### [Available data]
Segment Open
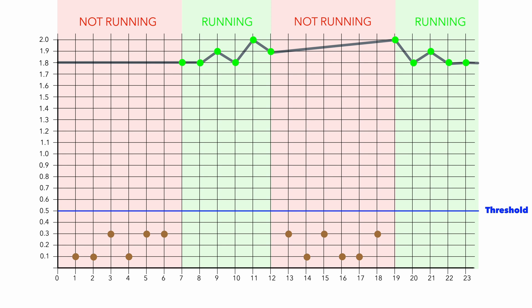Between moment 1 and 2, there were low values because the machine was not running, but you don't know that. This is the reason why Adash threshold is smarter.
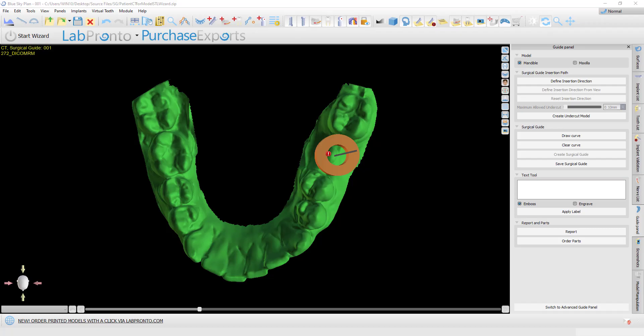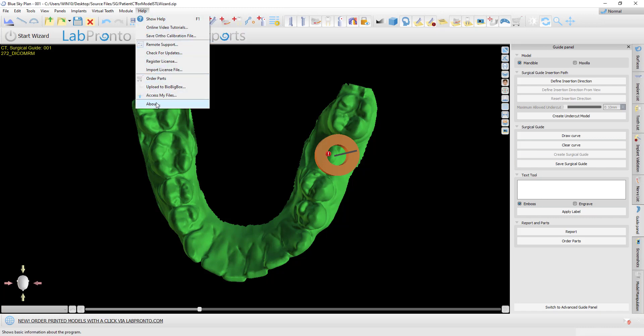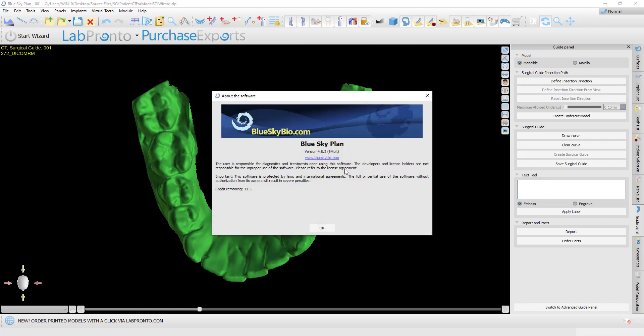This is Michael Saltzman from Blue Sky Bio. We've added a new functionality to define a surgical guide insertion path to remove undercuts in version 4.82 of the Blue Sky Plan software. This version is now available to download from the Blue Sky Bio website.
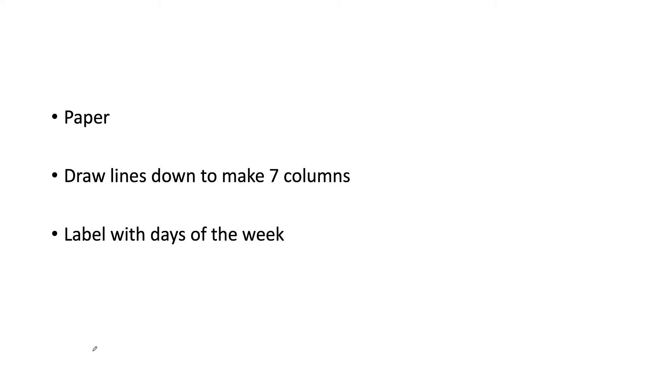So what I want you guys to do is draw lines to make seven columns, or eight—make the one on the left hand side very small so you can put times on there—and label each column of the days of the week, Sunday through Saturday or Monday through Sunday, however you want to deal with this.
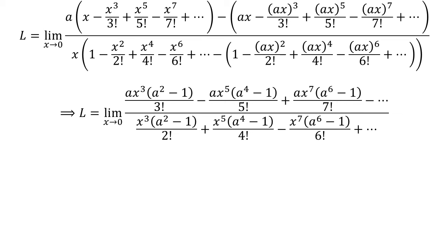Here, I have added the like terms after taking off the brackets in the numerator and the denominator expression of the limit.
Segment Closed
### [Task to complete]
The lines from the start of the data through the line that contains "This is Michael" are to be returned exactly, please, with both ends included and every picture left out.

### [Solution to this task]
Between moment 1 and 2, there were low values because the machine was not running, but you don't know that. This is the reason why Adash threshold is smarter.
This is Michael Saltzman from Blue Sky Bio. We've added a new functionality to define a surgical guide insertion path to remove undercuts in version 4.82 of the Blue Sky Plan software. This version is now available to download from the Blue Sky Bio website.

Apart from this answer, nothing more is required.